**Task directions:**
In the listing below, locate the line with "2 bedroom Flat" and the line with "2012 Toyota Corolla S photo 1", then output both and everything between them exactly, minus any pictures.

+++ Raw data

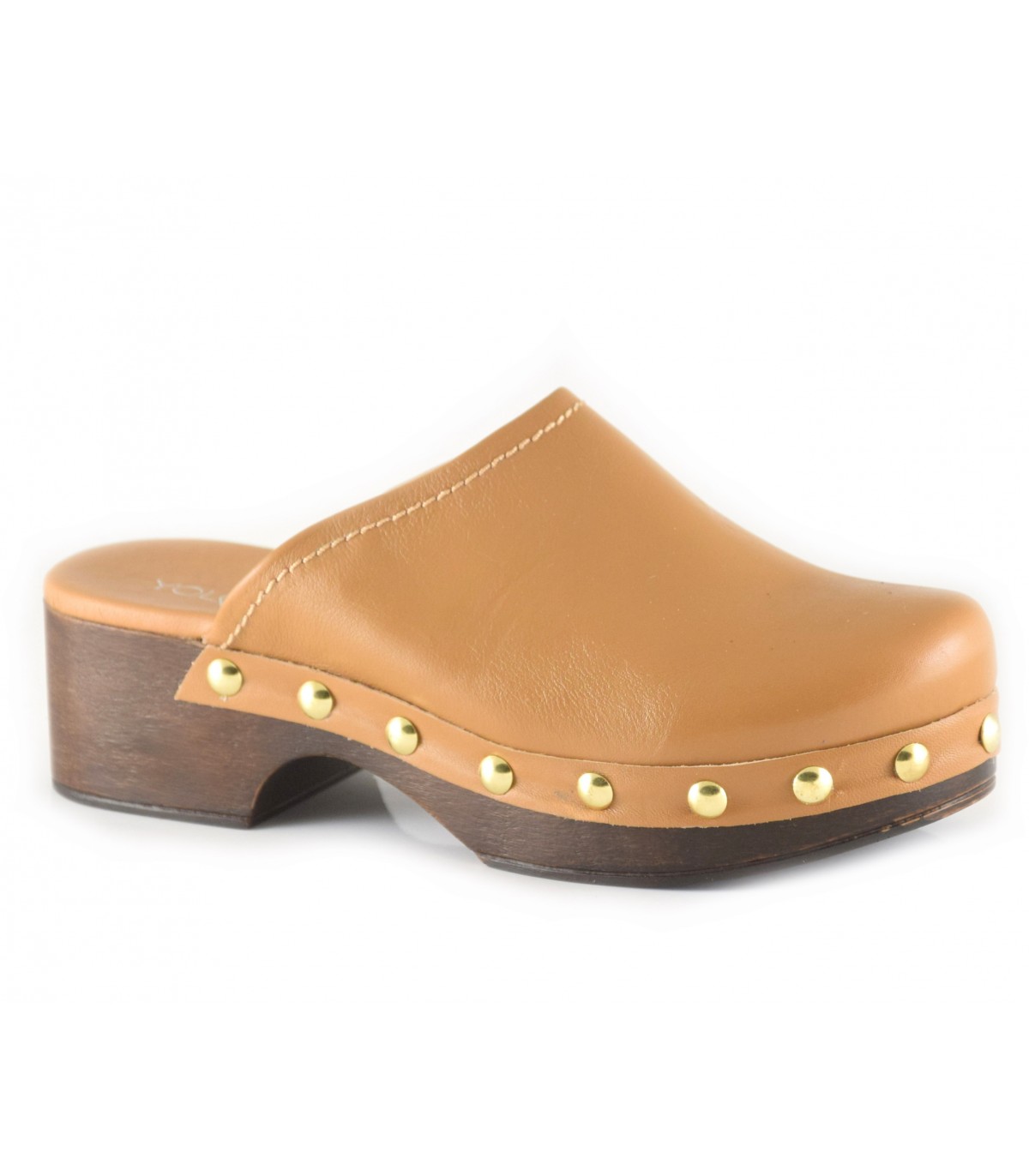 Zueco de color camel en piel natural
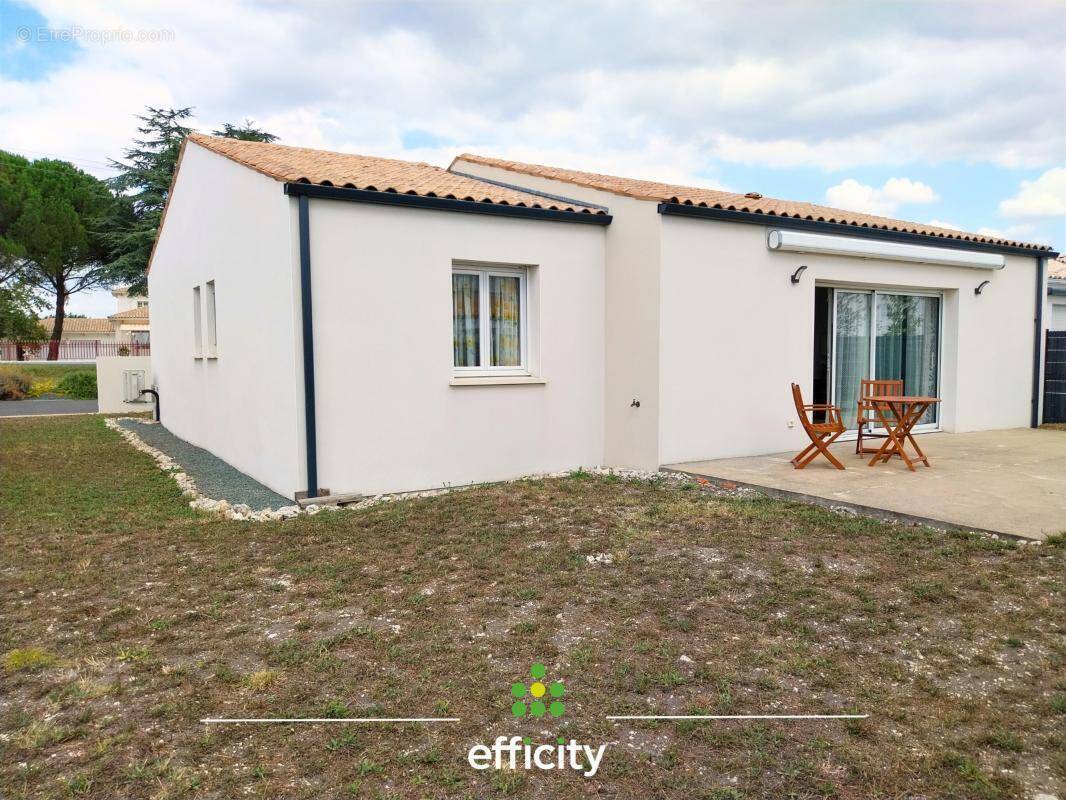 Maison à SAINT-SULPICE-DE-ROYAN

++++++
+++ Raw data

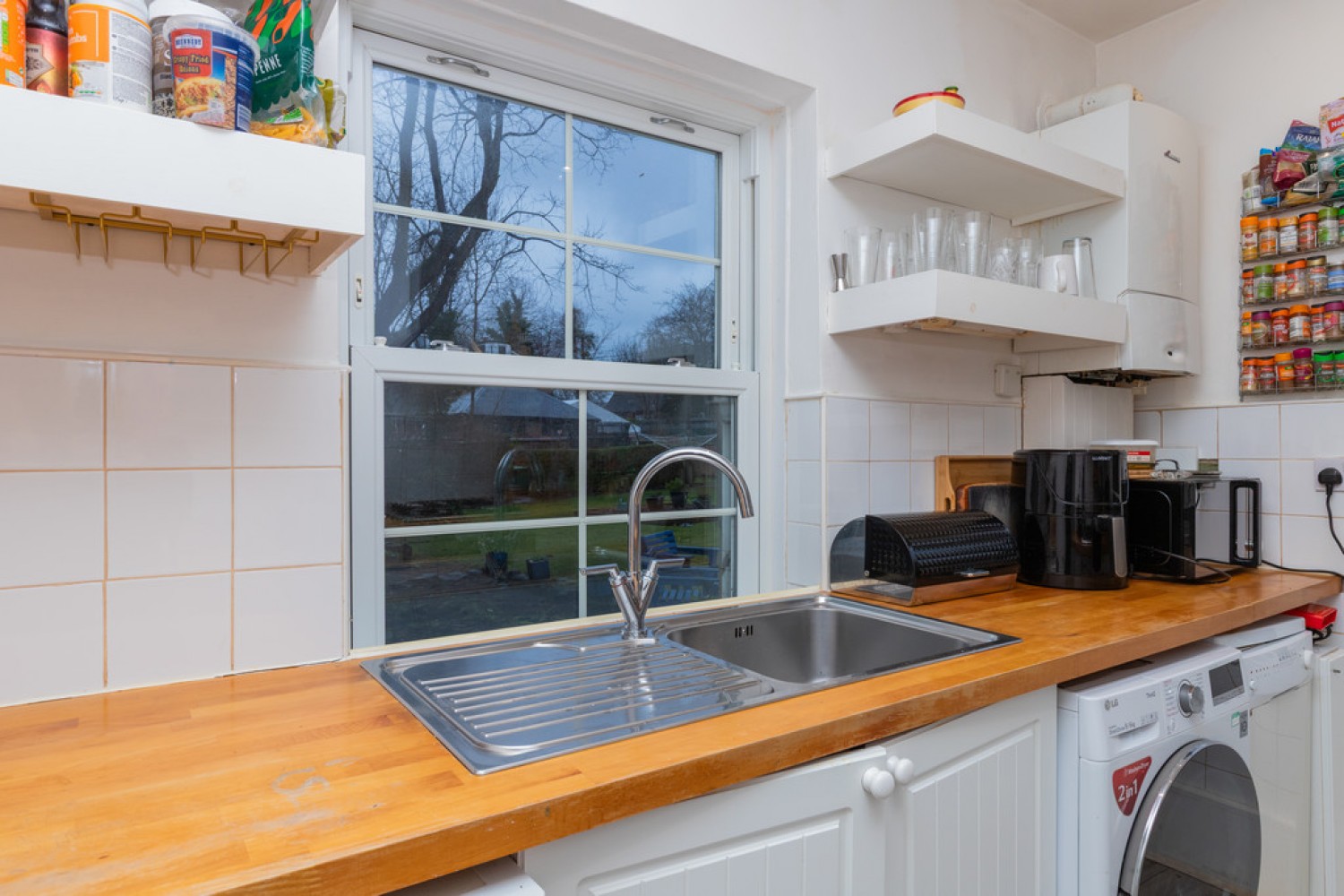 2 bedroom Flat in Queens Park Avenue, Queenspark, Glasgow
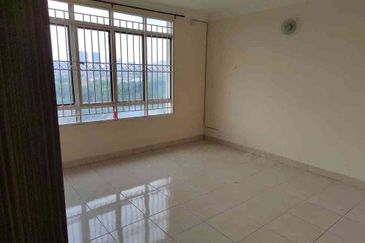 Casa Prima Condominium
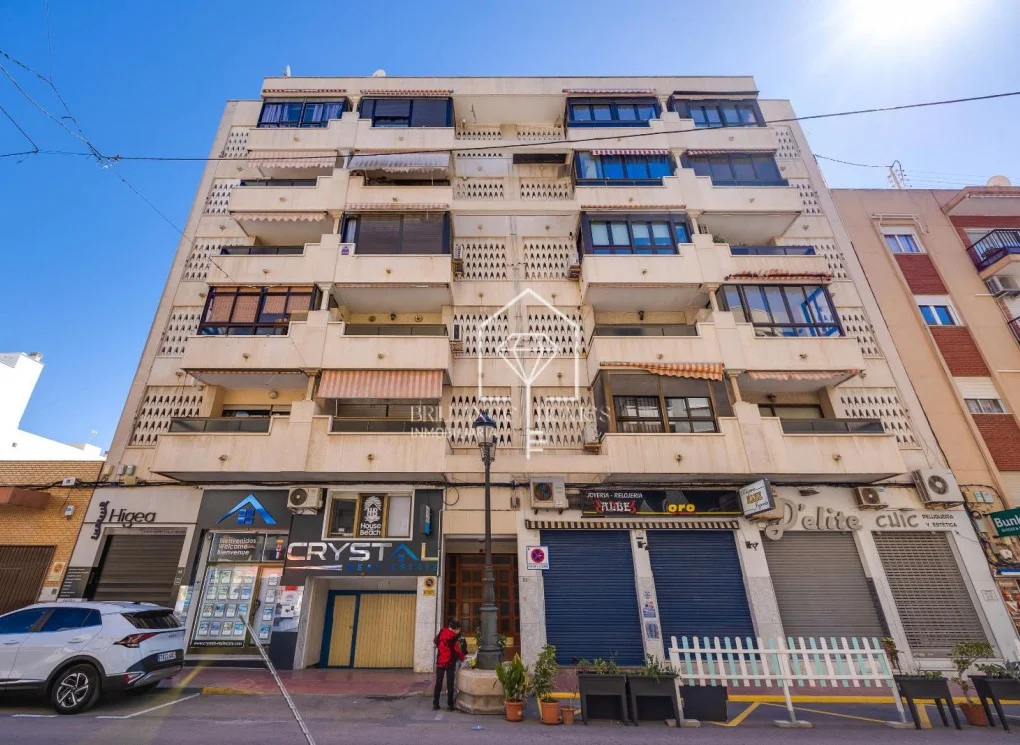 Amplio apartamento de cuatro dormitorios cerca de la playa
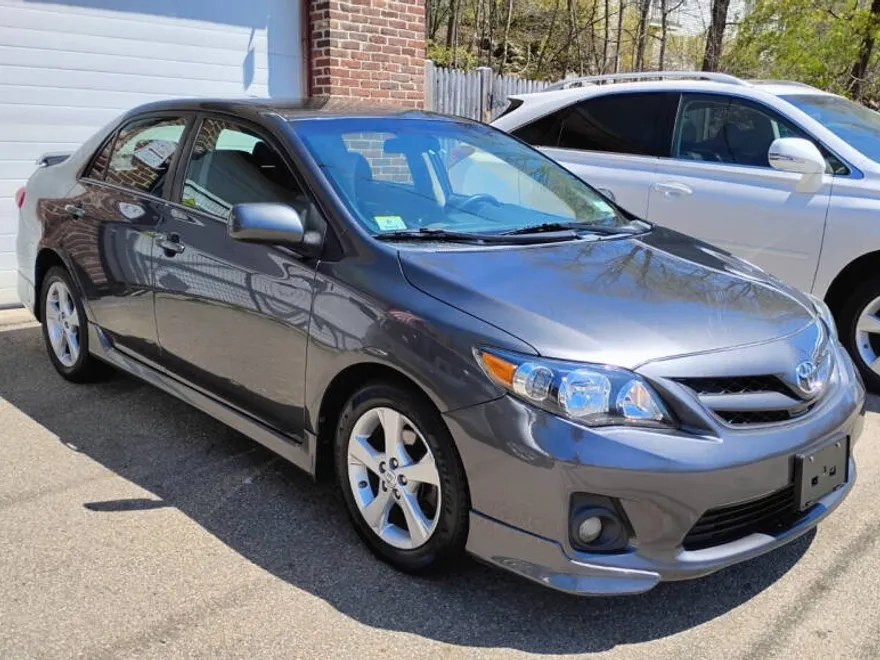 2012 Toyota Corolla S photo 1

++++++

**Response area:**
 2 bedroom Flat in Queens Park Avenue, Queenspark, Glasgow
 Casa Prima Condominium
 Amplio apartamento de cuatro dormitorios cerca de la playa
 2012 Toyota Corolla S photo 1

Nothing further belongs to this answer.